##### Material to process
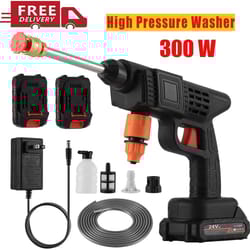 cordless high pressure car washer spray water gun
##########
##### Material to process
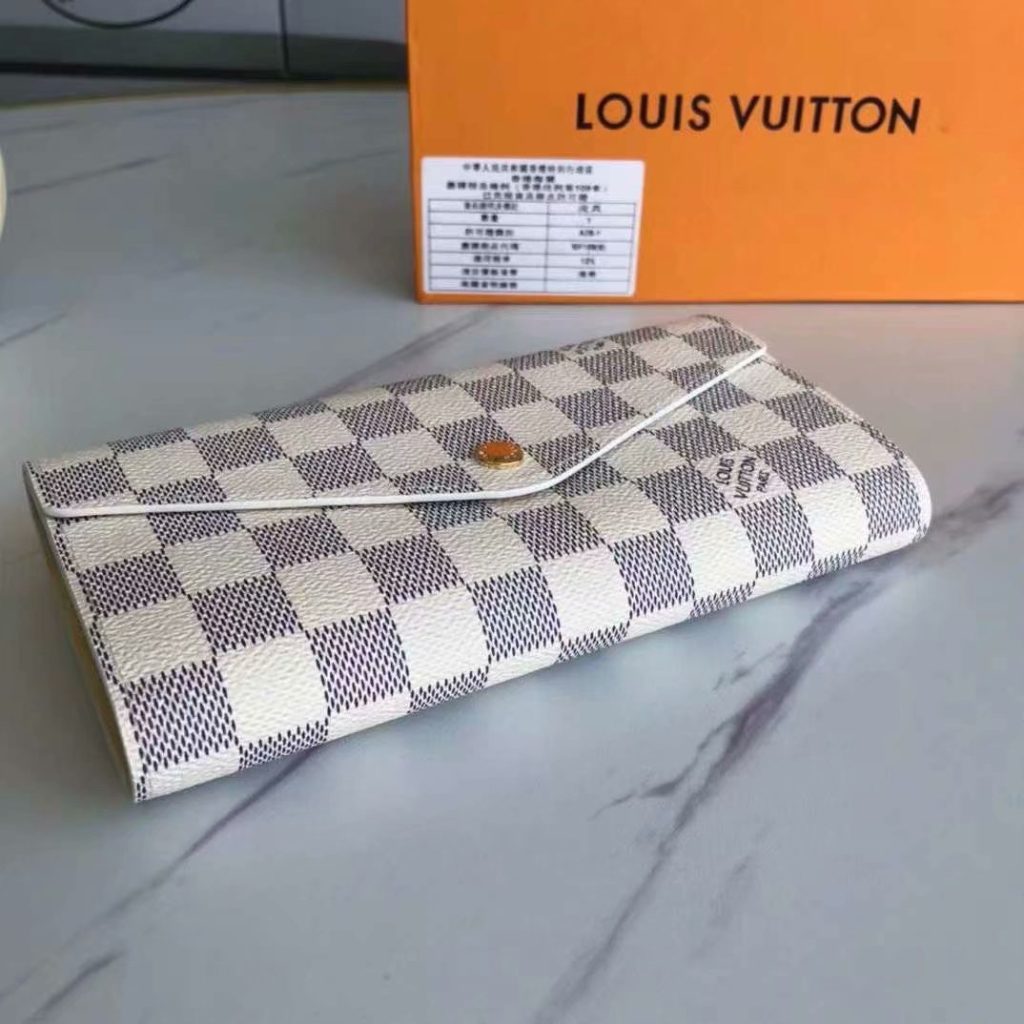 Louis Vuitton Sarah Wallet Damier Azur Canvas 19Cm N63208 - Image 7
##########
##### Material to process
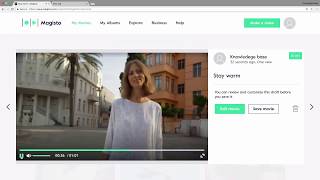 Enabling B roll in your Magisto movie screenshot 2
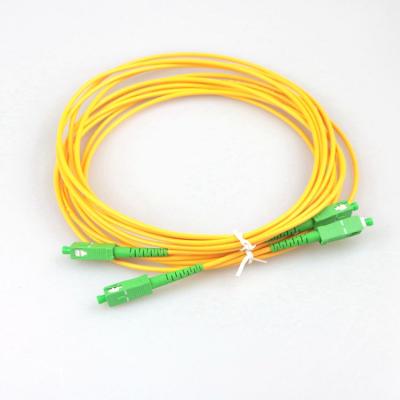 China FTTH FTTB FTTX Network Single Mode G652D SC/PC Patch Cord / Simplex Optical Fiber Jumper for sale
##########
# Problem:
Leaving out each picture, repeat exactly the lines above from the one that contains "Enabling B roll" through the one that contains "China FTTH FTTB".

# Result for this task:
 Enabling B roll in your Magisto movie screenshot 2
 China FTTH FTTB FTTX Network Single Mode G652D SC/PC Patch Cord / Simplex Optical Fiber Jumper for sale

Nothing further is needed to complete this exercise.